> What you need to do:
Transcribe the data that follows in full. Leave out the pictures.
START Data to use
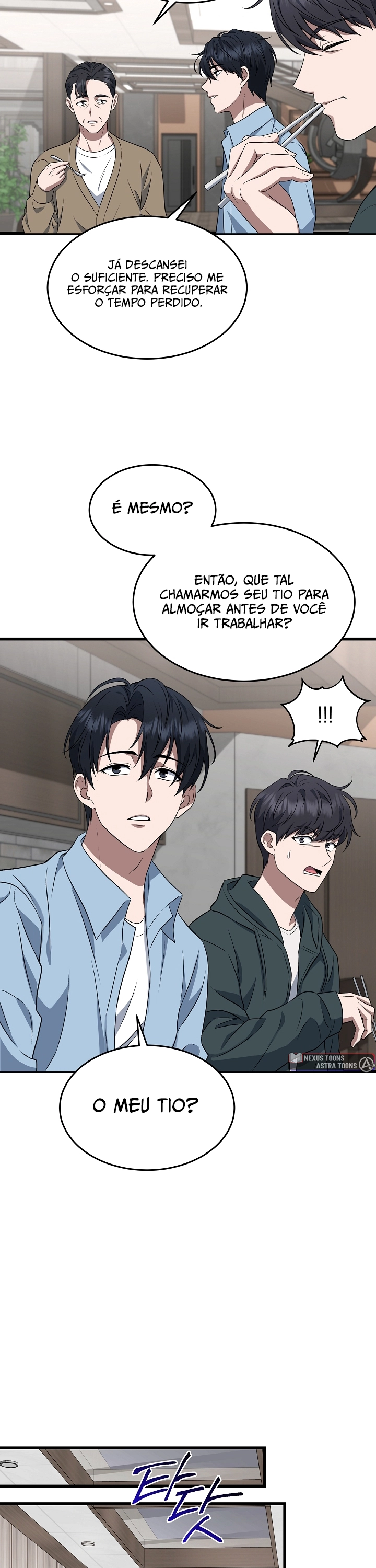 Read O Promotor Kim Seo-Jin Manga Online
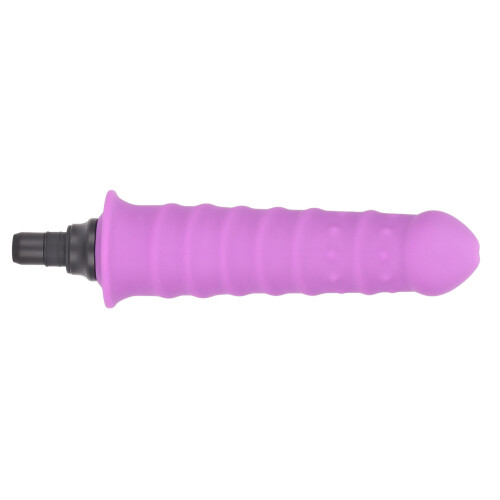 (0.5in) Waterproof Massage Head Purple 0.5in 2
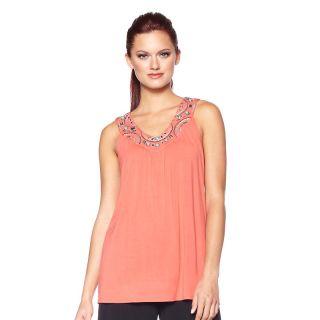  embroidered necklace top note customer pick rating 27 $ 19 47 s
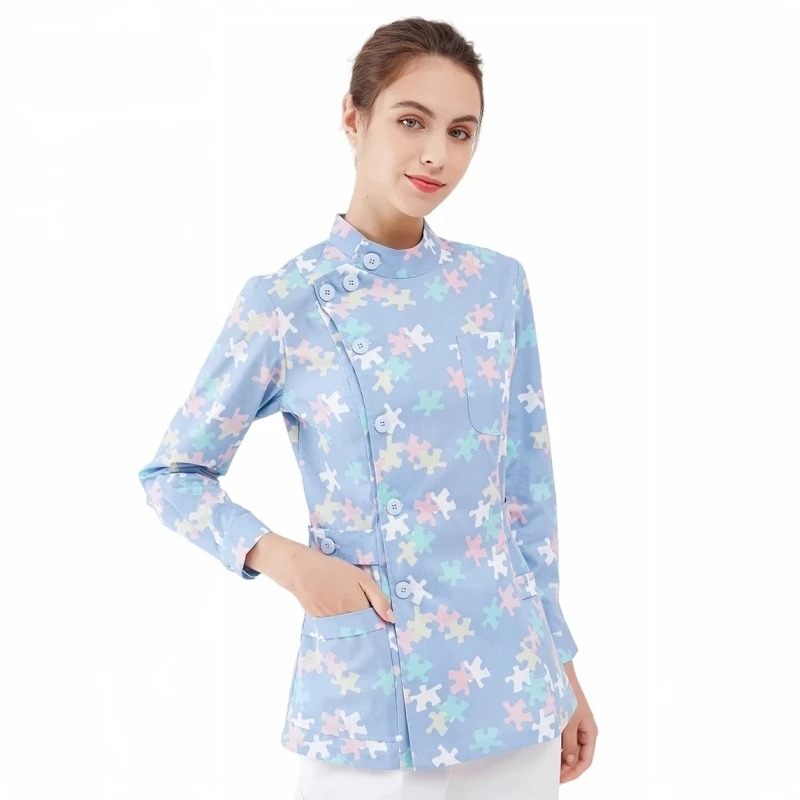 Pet Supplies Grooming - Nursing uniform for male female dental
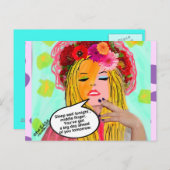 はがき (正面/裏面)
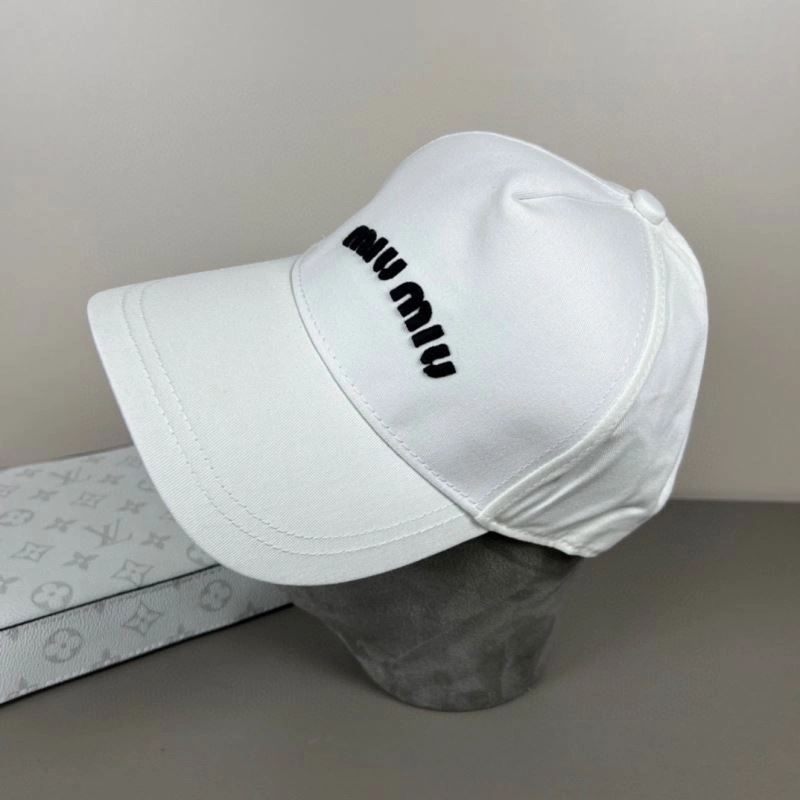 Original Miu Miu Caps 257511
END Data to use
> Solution to the problem:
 Read O Promotor Kim Seo-Jin Manga Online
 (0.5in) Waterproof Massage Head Purple 0.5in 2
  embroidered necklace top note customer pick rating 27 $ 19 47 s
 Pet Supplies Grooming - Nursing uniform for male female dental
 はがき (正面/裏面)
 Original Miu Miu Caps 257511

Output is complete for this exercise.